Baranovichi [Gantsevichi] - 70M6 Volga

The Pechora-type large phased array radar (LPAR) at Baranovichi in Belarus commenced construction in 1985, according to Western sources. According to some news reports (NY Post 5 Dec 86), the facility was one of three radars of this type the construction of which was initially detected by Western intelligence in 1986. Public reports did not differentiate this Volg radar from the other Daryal radars. The facility remained incomplete at the end of the Cold War. The radar was intended to detect ballistic missiles launched from western Europe, the north and central Atlantic and the Mediterranean, and to conduct space surveillance.

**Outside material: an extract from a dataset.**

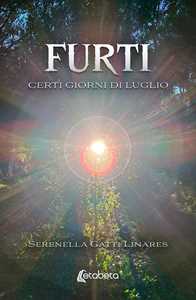 Furti. Certi giorni di luglio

The radar site is located a few dozen kilometers from the old border fortifications belt. Along the highway which runs along the old Soviet-Polish border is a reinforced defence site of pre-war construction. At the center of the site there is a 10-m high command tower with an armored top for observation. Around it are smaller reinforced concrete fortifications mounted at lower levels.

The first experimental Volga radar was initially planned to be built near Biysk, in Altai Territory. However in 1983 the US began deployment of the Pershing missiles in Germany. A search was undertaken for a more militarily useful location in the Grodno-Brest-Pinsk-Minsk quadrangle. In 1983 the Gantsevichi settlement was chosen, located approximately 50 km to the south-east of Baranovichi. A railway station, highway, water sources, and electric supply were located nearby. Additional Volga radar stations were planned for deployment near Sevastopol and Komsomolsk-na-Amure.

In 1986, around the village. Gantsevichi (48 km southeast of the town of Baranovichi) began the construction of a radically new solid-state digital radar "Volga". The station was to track the launches of ballistic missiles at a range of 4,800 km, ie throughout Europe. Data on the state of airspace from the "Volga" goes to the Central Command and Computing Center of the Early Warning System. Construction of the station started near Gantsevichi in the mid-1980's, with completion planned for 1989, but the deadline was subsequently delayed. Some of the equipment was installed at the station, and in December 1994 it began transmission for the first time. The station was only partially operational, and not outfitted up to the standard design. Even in this incomplete configuration, the radar was able to track targets at ranges up to 4,800 km.

Under the Russian-Belorussian intergovenmental agreement that was concluded on 06 January 1995 and signed in Minsk by Russian Federation Deputy Prime Minister Aleksei Bolshakov and Belorussian Prime Minister Mikhail Chigir, the station, which is designated in documents as the Baranovichi installation, was to be turned over to the ownership of Russia for a 25-year period and exempted from all types of taxes. The document was signed over the objections of Belarsian Foreign Minister Vladimir Senko, who sought economic concessions and a preferential price for Russian oil and gas for Belarus.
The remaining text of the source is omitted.